Salı, Mart 28, 2006

HAYATIMA NASIL GİRDİ? VOL.2

HAYATIMA NASIL GİRDİ? VOL.2
Onu üç küsur yıl kadar önce tanıdım. Bir Pazar günü... Leonardo* ile yine kavga etmiştik. Ben çatıdaki odaya çıkmıştım. Son zamanlarda sıkça yaptığım şeyi yine yapacaktım. Neredeyse vazo kadar bir kupa dolusu bol sütlü kahve, sigara ve telefonumun eşlik edeceği, boşluğa bakarak aptal aptal düşünme**, ağlama, yine düşünme, yine ağlama, kendine kızma, kendini toparlama, mağrur bir şekilde aşağıya inip hiçbir şey olmamış, hiç ağlamamış gibi davranmaya çalışma, kendini zorlama, rol yapamama, suratımdan düşen parçaların fazla gürültülü olması, kaçmak istemek, koşarak nereye kadar gidebileceğini düşünmek, ablana ya da annene gitme isteği ama onların beni bu halde görmesine izin vermemek, hayatta hiç tarzın olmadığı için (gururlanarak söylemiyorum, hiç iyi bir şey değil) bir dostuna gidip ağlayamamak, belki de dostun olmadığını düşündüğün için kimseye açık vermemek düşüncesi...

Son zamanlarda tipik bir hafta sonu rutini olmuştu bu yaşadıklarım... Şimdi düşünüyorum da, akıttığım tek bir göz yaşına değmezmiş... Yoğun baskıdan, olan bitene anlam verememekten kaynaklanan şaşkınlık, mutsuzluk, yakıştıramamak, konduramamak, kendini değersiz hissetmek...

İçim buz gibi oldu... Ben ciddi ciddi depresyon geçirmişim... Hatırlamak istemediğim günler...

Yukarıdayım... Kahvemi yarılamış, ağlamaktan yeterince yorgun düşmüştüm.

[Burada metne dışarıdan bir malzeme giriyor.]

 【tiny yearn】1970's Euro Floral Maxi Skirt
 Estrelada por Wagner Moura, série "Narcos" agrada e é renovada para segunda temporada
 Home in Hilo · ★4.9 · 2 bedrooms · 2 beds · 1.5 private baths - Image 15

Kapının çaldığını duydum. Telaşlandım, çünkü kimsenin beni öyle görmesini istemiyordum. "Umarım aşağıdaki, evde olmadığımı söyler, her kim geldiyse" diye geçirdim içimden. Bir hareket, bir telaş başladı evin içinde... Konuşmalar, gülüşmeler... Bir-iki dakika sonra cep telefonumda bir mesaj: "Köpek geldi" Leonardo'dan... Ne? Ne köpeği? Bize mi geldi? Kimin köpeği? Ben köpek sever miyim? Hiç düşünmedim. Nasıl birşey? Bazıları beni çok korkutur.

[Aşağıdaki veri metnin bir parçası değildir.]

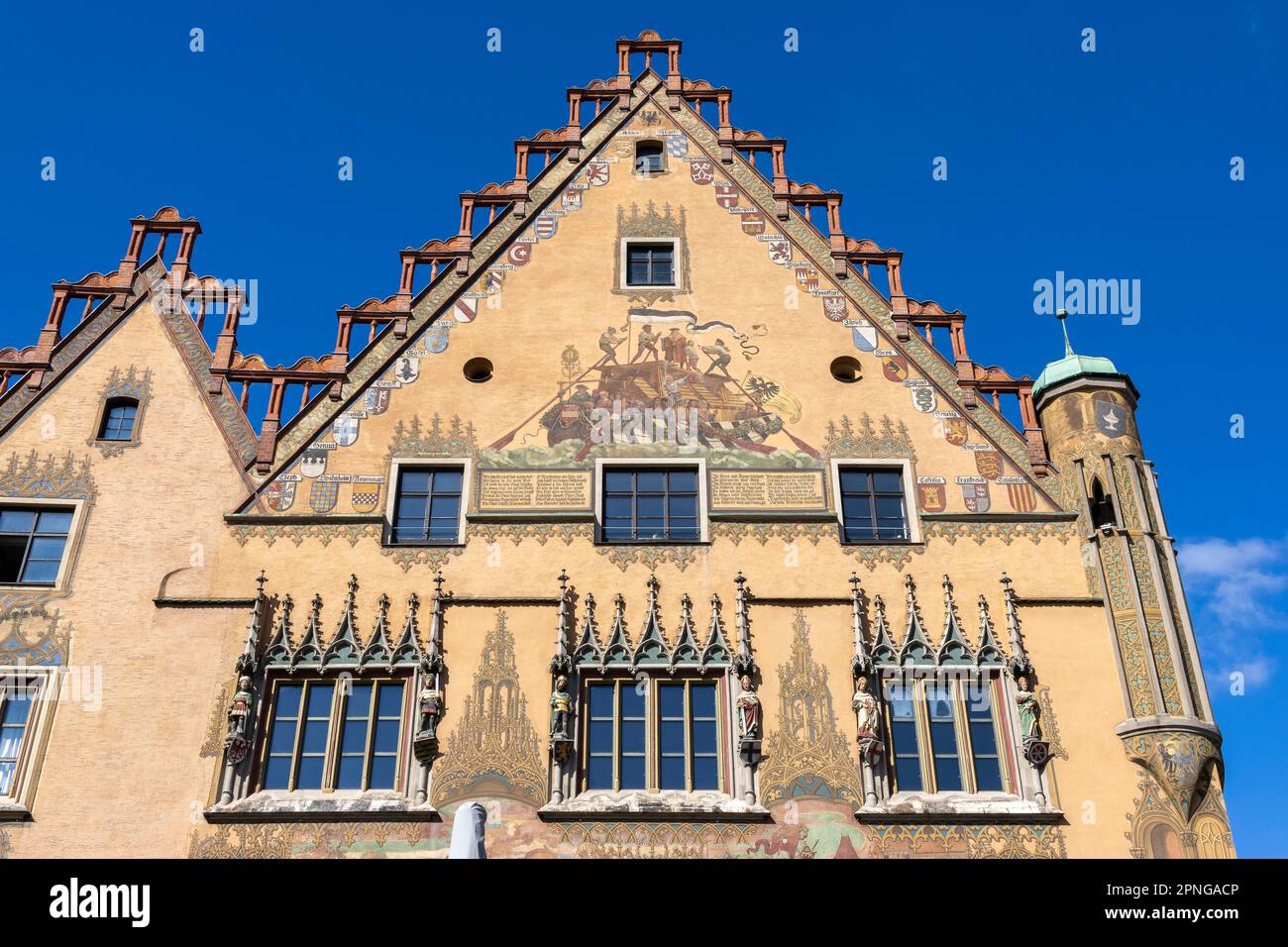 Oberer Teil des Rathauses von Ulm mit kunstvoll verzierten Fenstern mit sechs Wählerfiguren und Wandfassade, Ulm, Baden-Württemberg, Deutschland Stockfoto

Tahta merdivenlerimiz gıcırdamaya başladı... Ben aşağı iniyorum, o yukarı çıkıyor. Ortada buluştuk... Büyükçe, muhteşem renkli, çok sevimli, aşırı hareketli fik fik bir canavar... Fik fik, çünkü yaptığı tek şey her yerimi koklamak. Kuyruk sürekli hareket halinde. Popoyla birlikte sallanıyor. Çok sevimli, çooook!

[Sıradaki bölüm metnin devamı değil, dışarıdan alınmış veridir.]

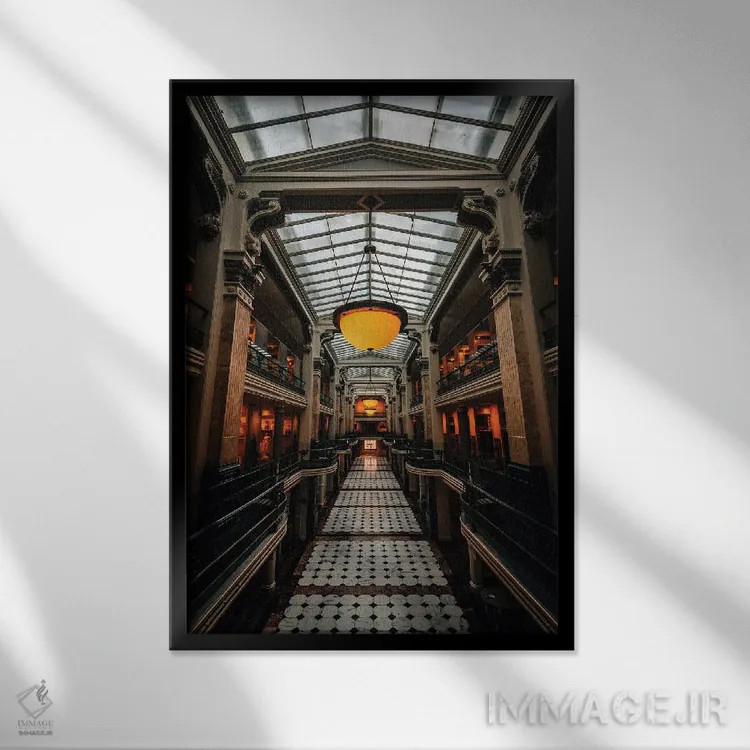تابلو راهرو I اثر جان بیلوس - نمای قابدار مشکی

Bir anda yüzüm güldü... Yere oturdum, sevmeye başladım. Ürküyorum ama hoşuma da gidiyor. Hayatta köpek okşamışlığım yok...mu? Var. Monster. Bundan 20 yıl öncesi, yıllarca gittiğimiz Gölbaşı'nda bir restoranın bahçesindeki Monster. Bir kurt. Hem de ne kurt. Baba gibi. Onu elimle beslerdim, o da patilerini omuzlarıma koyup benim yarım kadar daha yüksekliğe ulaşarak eğilip yüzümü yalar, teşekkür ederdi. Yıllarca bizimkiler için oraya gitmenin adı "Chez le Belge'de yemek yemek", benim içinse "Monster'a gitmek" oldu.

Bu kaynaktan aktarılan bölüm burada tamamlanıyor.